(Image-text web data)

════

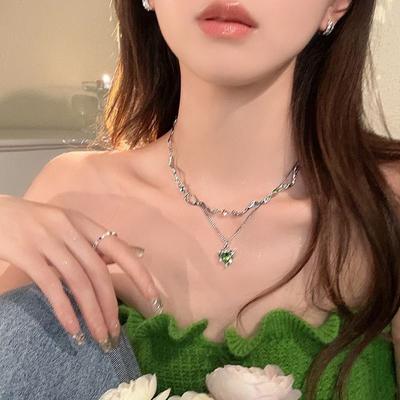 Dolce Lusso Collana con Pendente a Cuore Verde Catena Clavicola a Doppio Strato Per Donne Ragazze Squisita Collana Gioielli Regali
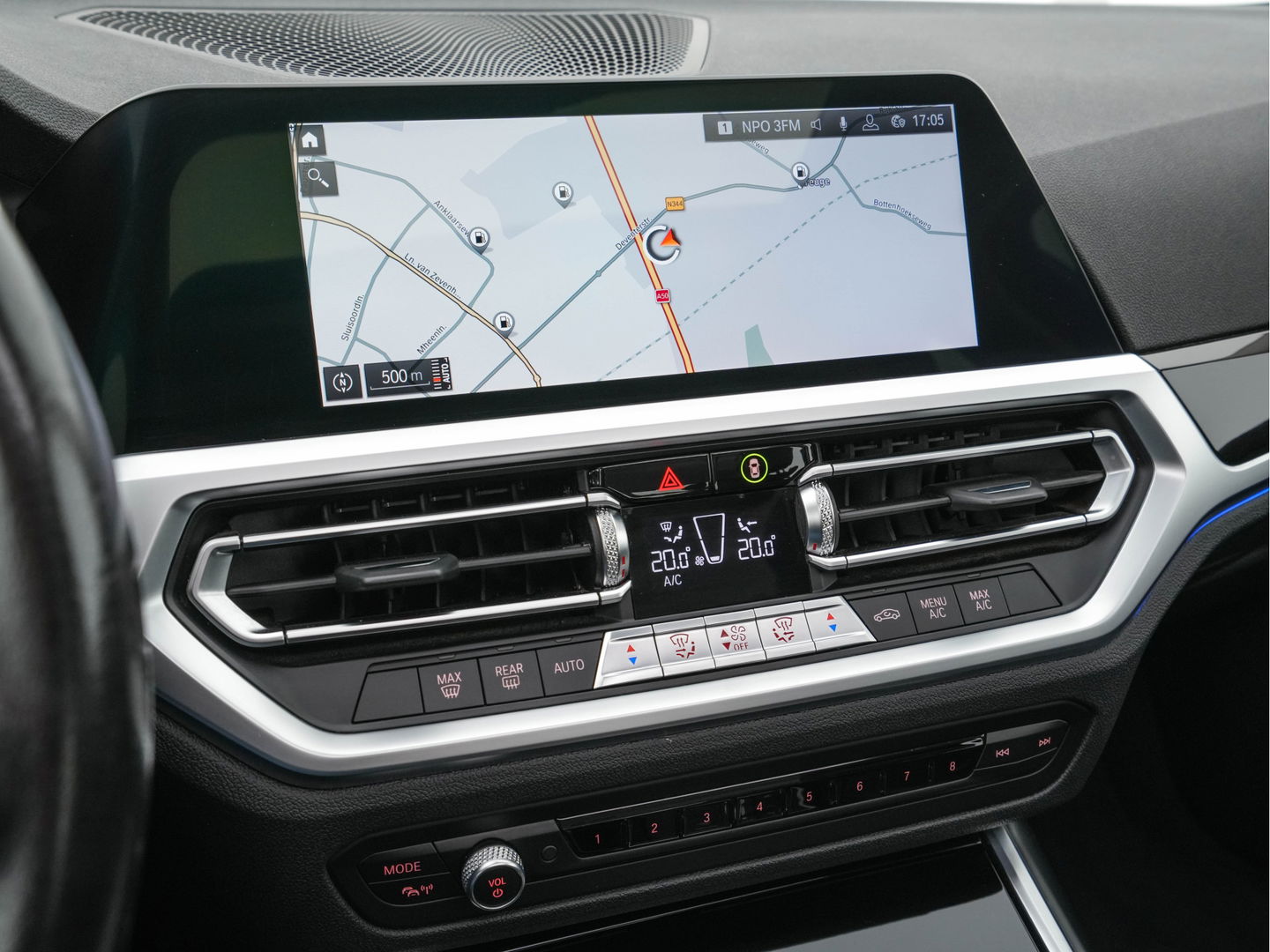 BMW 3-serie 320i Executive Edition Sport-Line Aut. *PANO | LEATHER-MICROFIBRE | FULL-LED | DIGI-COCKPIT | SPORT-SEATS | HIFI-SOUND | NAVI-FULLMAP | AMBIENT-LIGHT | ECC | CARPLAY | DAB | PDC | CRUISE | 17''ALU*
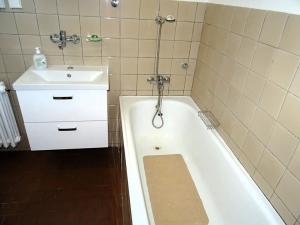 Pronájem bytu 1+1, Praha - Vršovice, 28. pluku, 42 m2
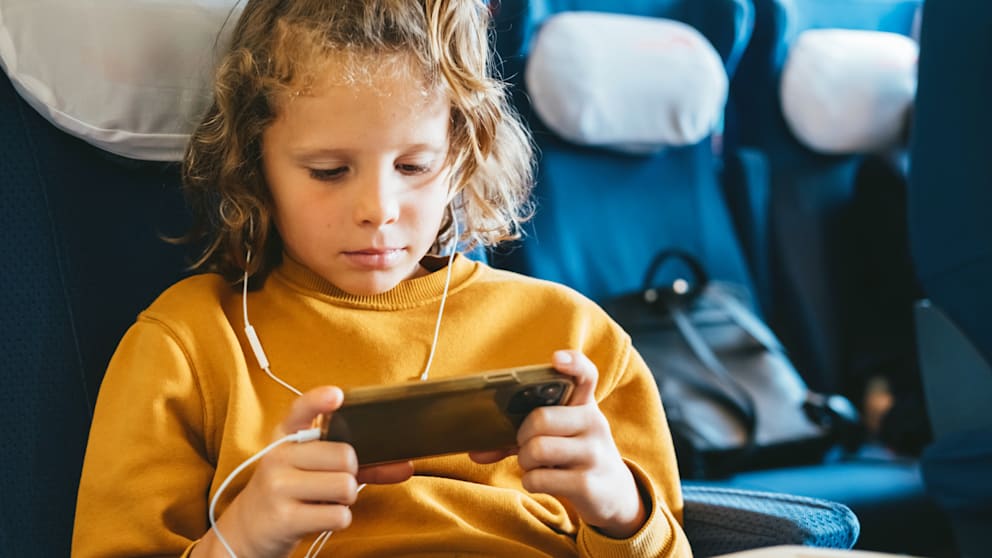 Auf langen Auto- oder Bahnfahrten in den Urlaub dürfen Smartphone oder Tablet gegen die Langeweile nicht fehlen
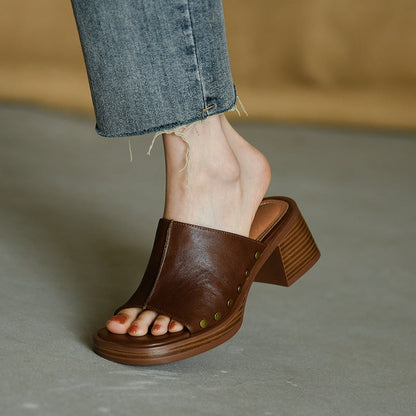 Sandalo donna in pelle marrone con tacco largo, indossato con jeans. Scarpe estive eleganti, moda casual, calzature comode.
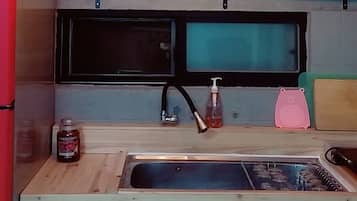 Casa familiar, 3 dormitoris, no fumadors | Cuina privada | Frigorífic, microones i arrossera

════

» PROBLEM TO SOLVE: From the first line to the last, print the records exactly; leave out the pictures.

» EXERCISE SOLUTION:
 Dolce Lusso Collana con Pendente a Cuore Verde Catena Clavicola a Doppio Strato Per Donne Ragazze Squisita Collana Gioielli Regali
 BMW 3-serie 320i Executive Edition Sport-Line Aut. *PANO | LEATHER-MICROFIBRE | FULL-LED | DIGI-COCKPIT | SPORT-SEATS | HIFI-SOUND | NAVI-FULLMAP | AMBIENT-LIGHT | ECC | CARPLAY | DAB | PDC | CRUISE | 17''ALU*
 Pronájem bytu 1+1, Praha - Vršovice, 28. pluku, 42 m2
 Auf langen Auto- oder Bahnfahrten in den Urlaub dürfen Smartphone oder Tablet gegen die Langeweile nicht fehlen
 Sandalo donna in pelle marrone con tacco largo, indossato con jeans. Scarpe estive eleganti, moda casual, calzature comode.
 Casa familiar, 3 dormitoris, no fumadors | Cuina privada | Frigorífic, microones i arrossera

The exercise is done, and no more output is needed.